For every problem arising from the battery management there are solutions. However, at the system level, a particular solution sometimes uncovers new problems or becomes the cause of other issues that need to be subsequently addressed. These unintended consequences are to be expected when dealing with the integration of complex systems.
Another consideration that will eventually have to be addressed is the operation and maintenance cost connected with hybrid electric power sources. Battery pack maintenance must be performed at the proper level of competence in the field. Maintenance procedures for dealing with battery pack replacement, cell replacement, and refurbishment still need to be worked out.

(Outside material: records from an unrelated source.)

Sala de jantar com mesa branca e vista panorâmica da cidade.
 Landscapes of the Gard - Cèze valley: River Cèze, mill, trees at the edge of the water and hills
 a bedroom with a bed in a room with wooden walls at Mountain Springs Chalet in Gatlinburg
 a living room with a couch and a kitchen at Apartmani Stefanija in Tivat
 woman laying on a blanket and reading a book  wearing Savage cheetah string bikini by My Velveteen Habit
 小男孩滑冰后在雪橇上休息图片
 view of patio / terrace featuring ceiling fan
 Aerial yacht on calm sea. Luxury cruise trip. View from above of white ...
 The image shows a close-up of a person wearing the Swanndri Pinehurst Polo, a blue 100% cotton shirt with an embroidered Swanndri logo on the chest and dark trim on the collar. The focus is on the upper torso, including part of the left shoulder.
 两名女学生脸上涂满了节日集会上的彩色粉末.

Future combat vehicles in the United States and other nations are expected to include hybrid electric platforms not because of single, well-identified benefits, but because of a combination of payoffs that has the potential to provide the soldier with expanded capabilities in both peace time and war time scenarios. The application of hybrid electric vehicles, and particularly AECVs, requires complex systems among which the energy storage system is quite challenging. Although the development and demonstration of advanced battery chemistry has been successfully demonstrated in the lab and on commercial vehicles, the demand of the power and energy for military missions and the integration of a functional, reliable, affordable, and safe system within an integrated power pack require intensive investigation and maturation before successful fielding of AECV.